Particle Swarm Optimized Optimal Threshold Value Selection for Clustering based on Correlation Fractal Dimension ()
1. Introduction
Clustering is partitioning data into similar objects where each cluster can be a model for the similarity among data points in the cluster. Representing data by less number of clusters necessarily loses certain fine details as well large number of clusters may not give good results. Software and hardware advancement enabled an enormous growth in generation and storage of data in most diverse segments of society [1] [2] . That amount of gathered data is not useful by itself, requiring processing in order to extract relevant and useful information for further analysis by a domain specialist. These requirements motivated the researchers in the field of data stream mining [3] . The design and development of fast, efficient, and accurate techniques, able to extract knowledge from these huge data sets, too large to fit into the main memory of computers, pose significant challenges. First of all, data can be examined only once, as it arrives. Second, using an entire data stream of a long period could mislead the analysis results due to the weight of outdated data, considered in the same way as more recent data. Since data streams are continuous sequences of information, the underlying clusters could change with time, thus giving different results with respect to the time horizon over which they are computed.
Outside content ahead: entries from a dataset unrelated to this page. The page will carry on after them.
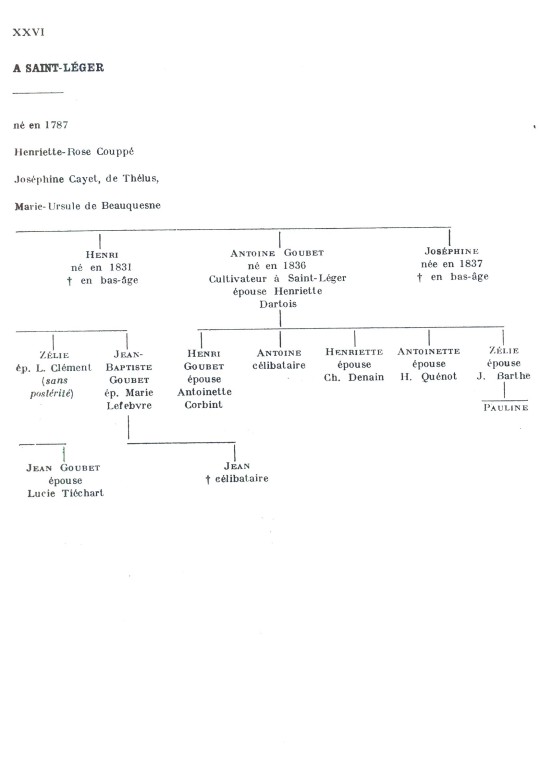 Boisleux_1934_227.jpg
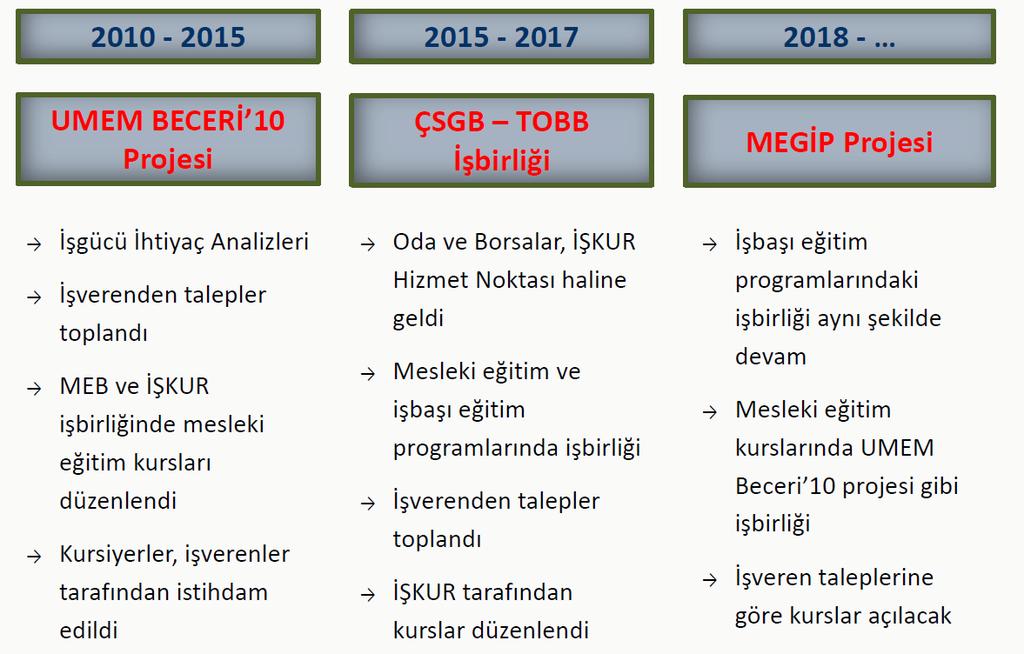 MESLEKİ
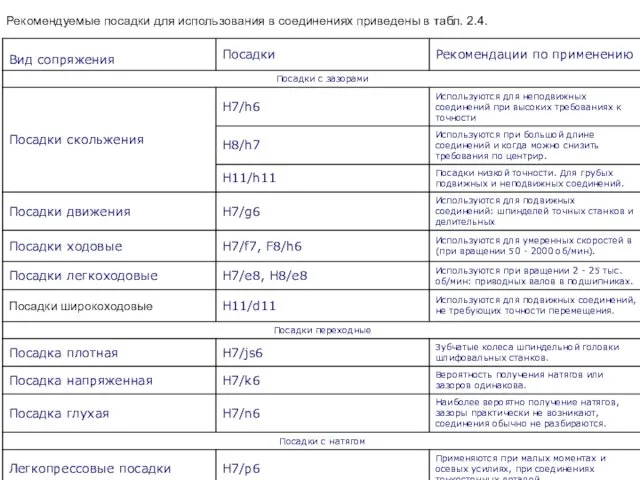 Рекомендуемые посадки для использования в соединениях приведены в табл. 2.4.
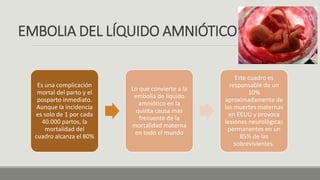 EMBOLIA DEL LÍQUIDO AMNIÓTICO
Es una complicación
mortal del parto y el
posparto inmediato.
Aunque la incidencia
es solo de 1 por cada
40.000 partos, la
mortalidad del
cuadro alcanza el 80%
Lo que convierte a la
embolia de liquido
amniótico en la
quinta causa mas
frecuente de la
mortalidad materna
en todo el mundo
Este cuadro es
responsable de un
10%
aproximadamente de
las muertes maternas
en EEUU y provoca
lesiones neurológicas
permanentes en un
85% de las
sobrevivientes.
 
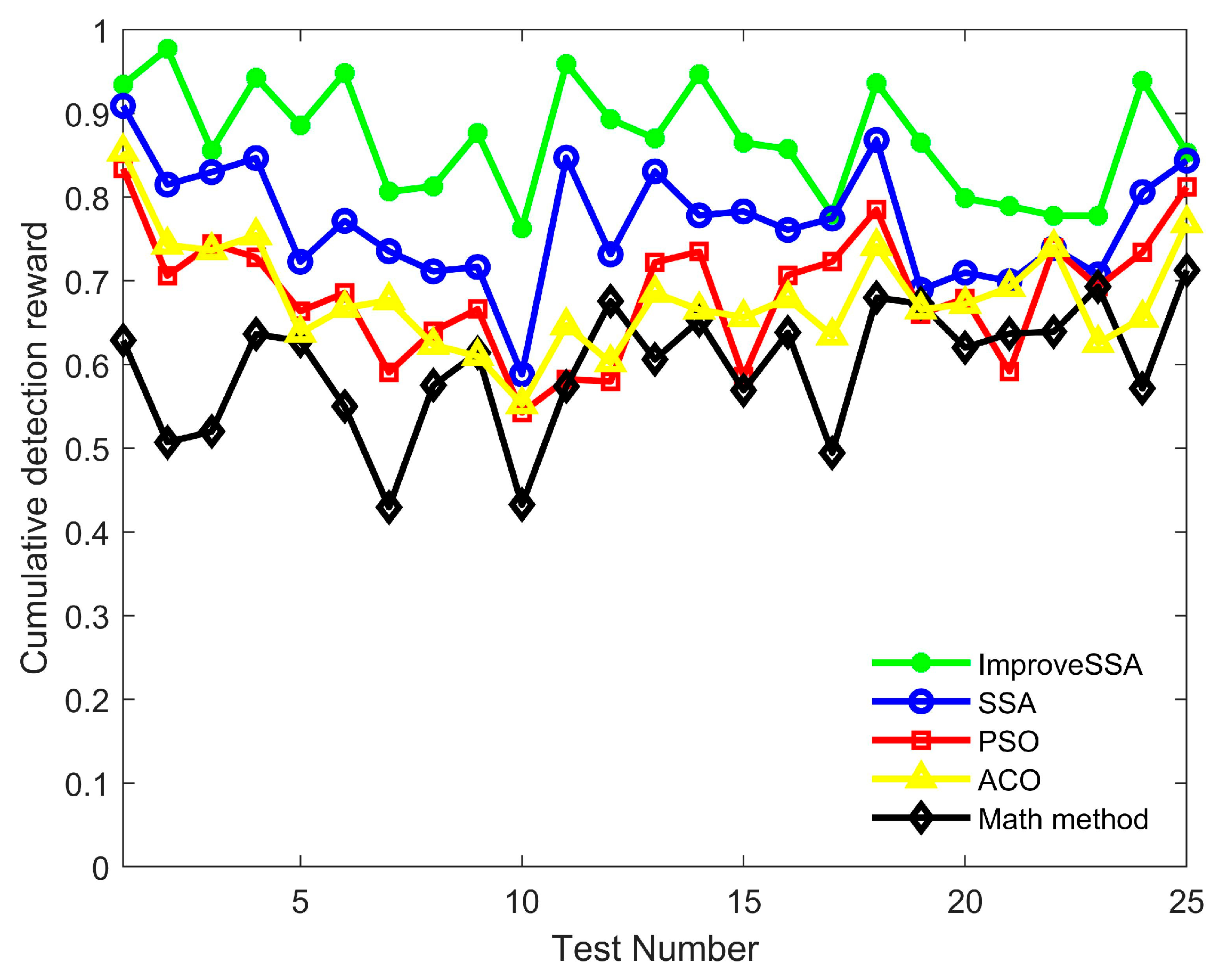 Drones 07 00021 g014 Drones 07 00021 g014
Traditional clustering approaches are not sufficiently flexible to deal with data that continuously evolve with time, thus, in the last few years, many proposals to data stream clustering have been presented [4] -[14] . Aggarwal et al. [4] have been the first to address the problem of the impossibility to revise a data stream during the computation, and the evolving characteristics of stream data. They suggested that a stream-clustering algorithm should be separated in an online micro-clustering component, that gathers appropriate summary statistics on the data stream, and an offline macro-clustering component that makes use of the information stored to provide the clustering results. However, their algorithm, CluStream, being based on the k-means approach, finds only spherical clusters and needs to know in advance the number of clusters. Since density-based clustering [15] overcomes these limitations, the density-based framework has been recently extended to the two-phase scheme described above [16] . All these methods use the fading data model to deal with the evolving cluster distribution and discover changes in stream data.
New concepts may keep evolving in data streams over time. Evolving concepts require data stream processing algorithms to continuously update their models to adapt the changes [17] . Fractal dimension is a powerful tool to describe self-similarity, and changes in the correlation dimension imply changes of data distribution, which can be used to indicate changes in data trends. Summaries of the processed data help in computing important statistics of new clusters with the arrival of new points [18] .
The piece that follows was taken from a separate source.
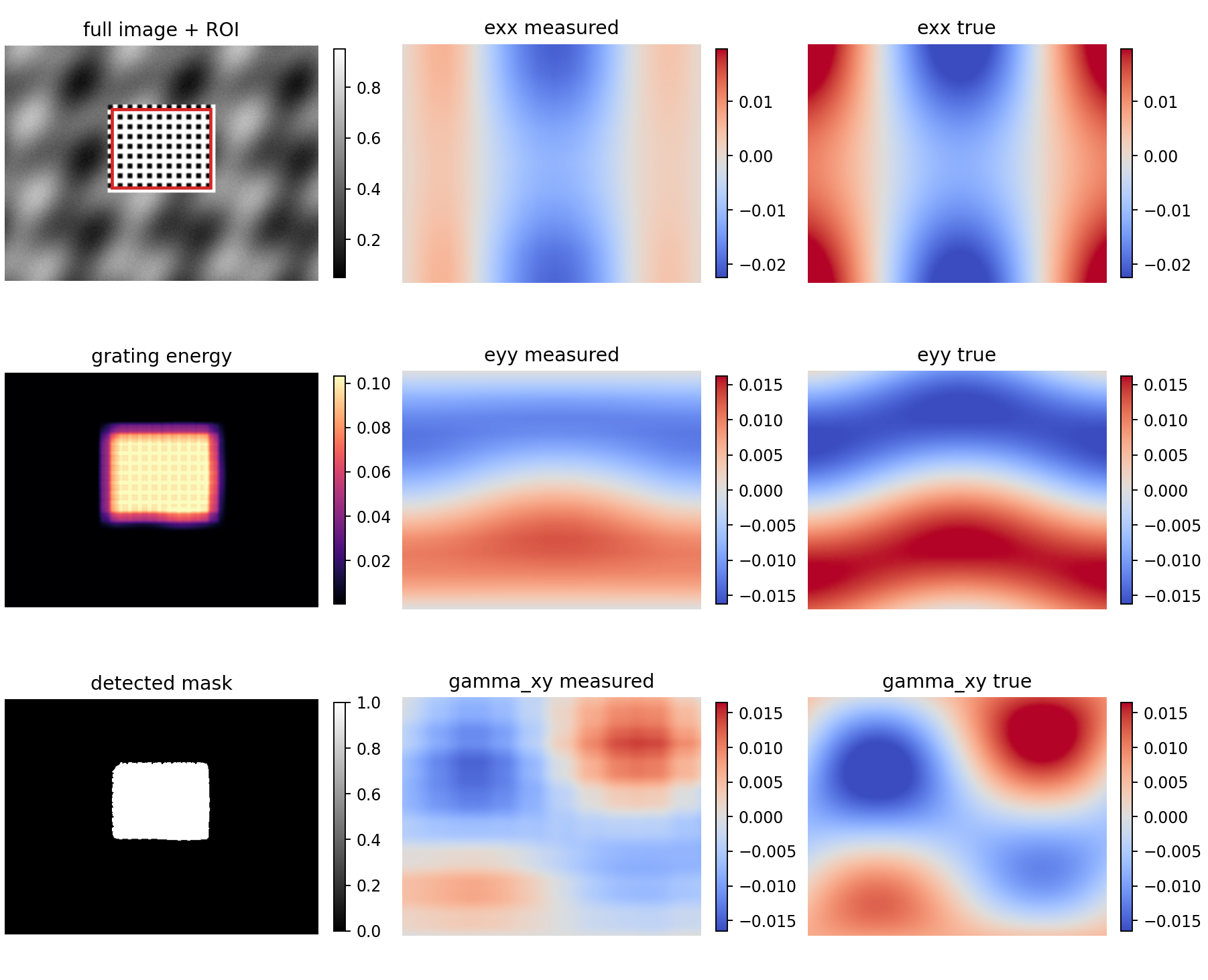 Partial grid strain measured and true comparison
In data stream mining algorithms should handle online clustering meritoriously and should maintain the clusters considering the potentiality of clusters. Time plays a major role in data stream clustering as a data point belonging to a cluster in some time horizon can become an outlier; in some other time horizon as most recent data plays an important role. The algorithm [19] uses Correlation Fractal dimension for finding arbitrary shaped cluster and further improving the precision of clustering. In [19] data points are merged into a cluster if the relative change in the Fractal dimension (RCFD) is less than a minimum threshold value and a new cluster is created if the condition is not satisfied. If no points are added to any of the clusters within a stipulated time horizon, then they are considered as real outliers. However the success of algorithm [19] is heavily dependent on the proper tuning of the Threshold value. In our proposed approach a novel scheme for choosing optimal threshold value is suggested. In a suitable range of threshold values that is derived from the various studies, the best minimum threshold value is chosen with the help of a population based randomized optimization technique known as Particle Swarm Optimization (PSO). The benefit of the proposed method is demonstrated in this paper.
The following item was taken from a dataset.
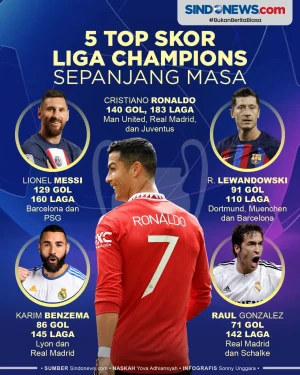 5 Top Skor Liga Champions...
The rest of the paper is organized as follows. Section 2 describes the basic concepts described in the algorithm for clustering data stream using correlational fractal dimension [19] . An issue related to minimum threshold selection is given in section 3. Section 4 gives the proposed strategies for selecting minimum threshold. Experimental results and comparisons of the results with other methods are discussed in section 5 and conclusions are given in section 6.
2. Basic Concepts as Described in Clustering Based on Correlation Fractal Dimension [19]
Fractals are self-similar objects. Cluster is a group of more similar objects. Fractal Dimension is the measure for creating a cluster [19] . A multi layered nested grid structure which stores the statistics of data is constructed for finding the Fractal dimension [20] . Fractal Dimension of data set is calculated easily based on number of data points included by each of the lowest grids of a multi-layered Grid, by scanning the data set only once. Squared sum of the number of occupancies in each cell is found out for different cell sizes in the multi layered Grid. The linear part of the slope obtained from the curve between logarithm of the cell size and logarithm of the squared sum of the occupancies is the fractal dimension.
Cluster partitions on evolving data streams are often computed based on certain time intervals (or windows). There are three well-known window models: landmark window, sliding window and damped window. In order to meet the requirements of evolving data stream, we adopt basic window technology based on sliding window model [14] . Each data point is associated with time stamp in an evolving data stream. A time window of data point is added to the low level cell thus obtaining the number of occupancies in the cell. A damped window model is considered to manage huge volumes of data and subsequently the memory. In damped window model, it is assumed that each data point has a time-dependent weight defined by the function f(t) given by equation (1). The function f(t) is also referred to as the fading function and is a non-monotonic decreasing function which decays uniformly with time t and defined in equation (1) [4] . Suppose the initial time of the current window is to and the numbers of points are no, n1, …. ne at to, tl, … te time respectively, the weight of the current window is calculated as equation (2).
(1)
(2)
Definition 1: (Correlation Fractal Dimension )Given a data set containing N data points which show selfsimilarity in the range of scales (rmin,rmax), the correlation fractal dimension D2 [21] is measured as follows
(3)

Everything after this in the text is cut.